# Retiring in Northern Cyprus



## geetee53 (Apr 25, 2008)

Help! We're looking at retiring to Northern Cyprus quite soon but we don't have a clue about taxation - there or in respect of the UK. We're both teachers, and will get teacher's pension plus state pension (eventually) Can anyone tell me what the situation is there? We're coming out in July to look at property.


----------



## theresoon (Apr 11, 2008)

My advice: Don't buy my property.


----------



## Veronica (Apr 5, 2008)

And my advice is do not buy in Northern Cyprus.

If you take some time to investigate you will find there are far too many problems with Nroth Cyprus property. Yes they are cheaper but there is a very goodreason for that.
Because the developers dont buy the land they build on. They steal it from Greek Cypriots who were forced to flee their homes. Anyone buying in the North could face losing their homes and their money in the future. take a look at this article.

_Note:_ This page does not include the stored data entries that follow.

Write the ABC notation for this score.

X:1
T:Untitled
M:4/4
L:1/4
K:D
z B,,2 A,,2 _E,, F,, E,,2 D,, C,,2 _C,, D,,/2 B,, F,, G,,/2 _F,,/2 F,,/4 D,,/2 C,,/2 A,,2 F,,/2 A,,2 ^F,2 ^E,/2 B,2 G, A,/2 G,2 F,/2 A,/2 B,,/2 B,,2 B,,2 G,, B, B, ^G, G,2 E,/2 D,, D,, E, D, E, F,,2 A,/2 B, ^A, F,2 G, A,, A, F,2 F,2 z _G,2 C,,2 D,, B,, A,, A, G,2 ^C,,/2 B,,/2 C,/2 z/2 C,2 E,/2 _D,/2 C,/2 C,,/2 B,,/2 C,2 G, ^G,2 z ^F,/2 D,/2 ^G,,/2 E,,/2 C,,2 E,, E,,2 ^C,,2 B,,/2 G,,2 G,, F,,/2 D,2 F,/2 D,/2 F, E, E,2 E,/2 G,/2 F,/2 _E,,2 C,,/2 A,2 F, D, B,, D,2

Foreign citizens are warned against the purchase of Greek Cypriot owned property, in the part of the Republic of Cyprus which has been under Turkish military occupation since 1974. 
As a result of the Turkish invasion and subsequent occupation of 36.4% of the territory of Cyprus, 170,000 Greek Cypriots, who constituted 2/3 of the inhabitants of the occupied area, were forced to flee from their homes. According to the 1964 Land Registry Office Records, Greek Cypriots owned approximately 78% of the privately owned land in the territory now under Turkish occupation, while persons belonging to the Turkish Cypriot community owned approximately 21%. 

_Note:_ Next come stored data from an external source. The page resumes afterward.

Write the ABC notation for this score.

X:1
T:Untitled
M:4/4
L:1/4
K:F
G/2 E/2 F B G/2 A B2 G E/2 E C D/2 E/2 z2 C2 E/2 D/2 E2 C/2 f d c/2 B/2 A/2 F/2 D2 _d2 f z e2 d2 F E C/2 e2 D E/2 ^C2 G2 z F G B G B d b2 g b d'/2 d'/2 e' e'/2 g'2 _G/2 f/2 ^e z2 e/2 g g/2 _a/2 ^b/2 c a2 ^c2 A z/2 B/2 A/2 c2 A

The displaced persons are to this day prevented by the Turkish armed forces from returning to their homes and peacefully enjoying their properties. However, under Human Rights Conventions, as well as international and national law, they retain their title to their property. 

Court Judgments 

The European Court of Human Rights, in its Judgment of 18 December 1996, on the individual application of the Greek Cypriot displaced owner from Kyrenia, Mrs. Titina Loizidou, against Turkey, and in the Fourth Interstate Application of Cyprus against Turkey of 10 May 2001, upheld the rights of the refugees to their properties. In the Loizidou case, the Court ordered the Government of Turkey to compensate the applicant for the time period of deprivation of use of her property and to provide full access and allow peaceful enjoyment of her property in Kyrenia. The right of the displaced owners to their properties was reconfirmed in the most recent decision of the European Court of Human Rights (Dec. 2005) regarding the application of Myra Xenides- Arestis v. Turkey. 

Greek Cypriot owners may also bring civil action against usurpers of their property before the competent civil Courts of the Republic of Cyprus. In its judgment of 15 November 2004 in the case of Meletios Apostolides v David and Linda Orams, the Nicosia District Court found the Defendants liable for trespass in the property of the Plaintiff, ordering them to demolish the villa and other buildings erected on the property, surrender vacant possession to the Plaintiff and pay damages. Pursuant to EC Regulation 44/2001, the judgments of the civil courts of the Republic of Cyprus can be enforced in any of the Member States of the European Union against the assets of the Defendants in that state. On 6 September 2006 a Judge of the Queen’s Bench Division of the High Court of Justice in the UK issued his judgment on the Orams’ appeal against registration and enforcement in Britain of the Cyprus judgment in favour of Mr. Apostolides. 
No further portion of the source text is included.